Short descriptive text snippets
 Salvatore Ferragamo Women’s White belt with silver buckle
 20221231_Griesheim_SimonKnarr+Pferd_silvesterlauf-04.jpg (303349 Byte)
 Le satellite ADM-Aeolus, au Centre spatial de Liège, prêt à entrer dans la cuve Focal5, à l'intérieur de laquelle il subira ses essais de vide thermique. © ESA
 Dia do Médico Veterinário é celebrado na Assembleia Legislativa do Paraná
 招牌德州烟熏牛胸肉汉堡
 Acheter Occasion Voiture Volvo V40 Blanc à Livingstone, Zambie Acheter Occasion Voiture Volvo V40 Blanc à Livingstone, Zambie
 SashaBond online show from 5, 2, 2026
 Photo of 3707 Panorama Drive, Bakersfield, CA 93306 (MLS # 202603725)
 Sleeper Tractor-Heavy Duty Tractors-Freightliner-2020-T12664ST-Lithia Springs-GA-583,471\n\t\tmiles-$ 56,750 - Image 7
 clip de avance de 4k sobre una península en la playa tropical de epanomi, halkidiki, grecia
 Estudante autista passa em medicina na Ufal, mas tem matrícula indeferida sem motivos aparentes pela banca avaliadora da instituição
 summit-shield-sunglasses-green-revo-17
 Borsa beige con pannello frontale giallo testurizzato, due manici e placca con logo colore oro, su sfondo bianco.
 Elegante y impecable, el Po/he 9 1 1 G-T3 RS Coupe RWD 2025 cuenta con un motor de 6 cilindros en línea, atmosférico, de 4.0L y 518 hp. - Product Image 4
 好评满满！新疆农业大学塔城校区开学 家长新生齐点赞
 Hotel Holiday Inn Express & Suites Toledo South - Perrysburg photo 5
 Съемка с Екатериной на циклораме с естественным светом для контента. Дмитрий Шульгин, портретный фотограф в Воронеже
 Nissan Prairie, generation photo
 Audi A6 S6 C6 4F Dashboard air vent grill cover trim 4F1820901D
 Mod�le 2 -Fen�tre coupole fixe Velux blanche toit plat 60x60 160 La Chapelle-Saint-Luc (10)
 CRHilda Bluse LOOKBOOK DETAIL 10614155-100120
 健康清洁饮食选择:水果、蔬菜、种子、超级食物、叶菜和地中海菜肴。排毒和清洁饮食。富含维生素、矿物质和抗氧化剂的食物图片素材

Task prompt: Nothing but the lines from the one with "Hotel Holiday Inn" through the last line of the entries should be repeated, and those exactly.

Result of this exercise:
 Hotel Holiday Inn Express & Suites Toledo South - Perrysburg photo 5
 Съемка с Екатериной на циклораме с естественным светом для контента. Дмитрий Шульгин, портретный фотограф в Воронеже
 Nissan Prairie, generation photo
 Audi A6 S6 C6 4F Dashboard air vent grill cover trim 4F1820901D
 Mod�le 2 -Fen�tre coupole fixe Velux blanche toit plat 60x60 160 La Chapelle-Saint-Luc (10)
 CRHilda Bluse LOOKBOOK DETAIL 10614155-100120
 健康清洁饮食选择:水果、蔬菜、种子、超级食物、叶菜和地中海菜肴。排毒和清洁饮食。富含维生素、矿物质和抗氧化剂的食物图片素材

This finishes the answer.